Despite appearing on the same show, the fights aired via different televised means; Gonzalez’ win in the main event aired live on Canal 2 in his native Nicaragua, while Guerrero-Rosas served as the televised main event of a one-hour delayed airing on TV Azteca.
Gonzalez, a former champ at strawweight and junior flyweight, is being groomed for a title – or at least a title shot – in a third weight class. The world is presumably his oyster, with plenty of options from which to choose. The trick, however, is getting his divisional peers in the ring with him.
Such fate ultimately drove the undefeated Nicaraguan out of the junior flyweight division. A mouthwatering showdown with Kazuto Ioka was on the minds of anyone who follows the lower weight classes, but never came close to coming to fruition despite alphabet politics suggesting the bout should have been ordered long ago.

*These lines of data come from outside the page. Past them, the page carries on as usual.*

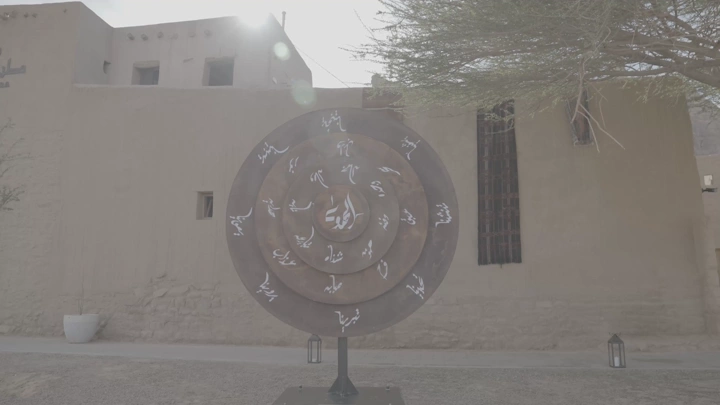تمثال دائري مع كتابات عربية أمام مبنى تقليدي في العلا، لقطة نهارية.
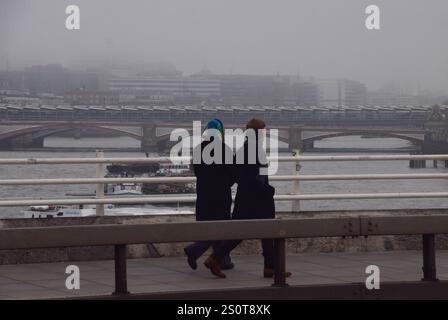 Londres, Royaume-Uni. 29 décembre 2024. Les gens marchent le long du pont de Waterloo en passant devant un horizon complètement obscurci de la City of London tandis que le brouillard épais descend sur la capitale. Crédit : Vuk Valcic/Alamy Live News Banque D'Images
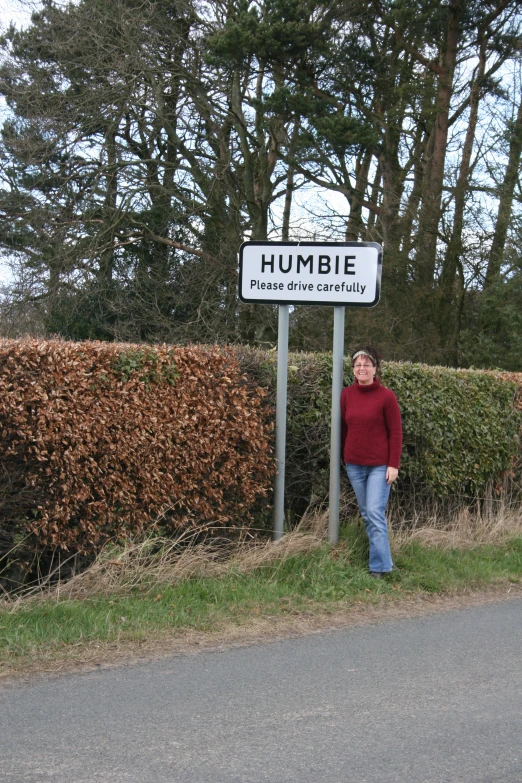 woman standing underneath humbie crossing sign next to road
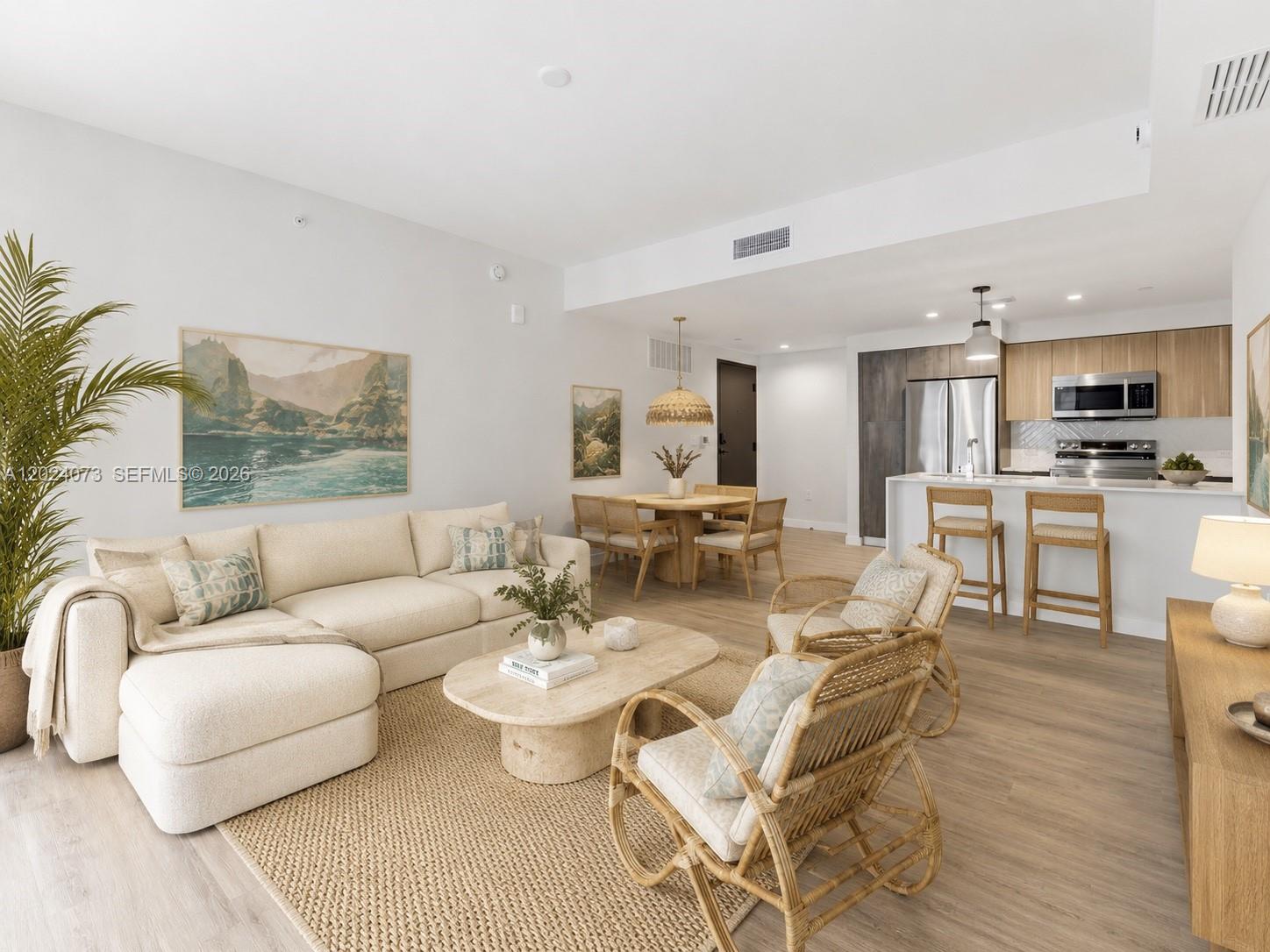 An open-concept living and dining area features a sectional sofa, rattan chairs, and kitchen island — 697 N Miami Ave # 1810, Miami FL 33136, MIAMI, FL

Instead, the 26-year old decided it wasn’t worth his time sticking around waiting for a fight that stood little chance of materializing, in a weight class that he would eventually outgrow, anyway.
Four straight wins have now followed at flyweight (and above), including his 6th round drilling of Kantun on the road in Mexico. Gonzalez was precise in his attack and thorough in breaking down his opponent. The fight was not without its nail-biting moment, though.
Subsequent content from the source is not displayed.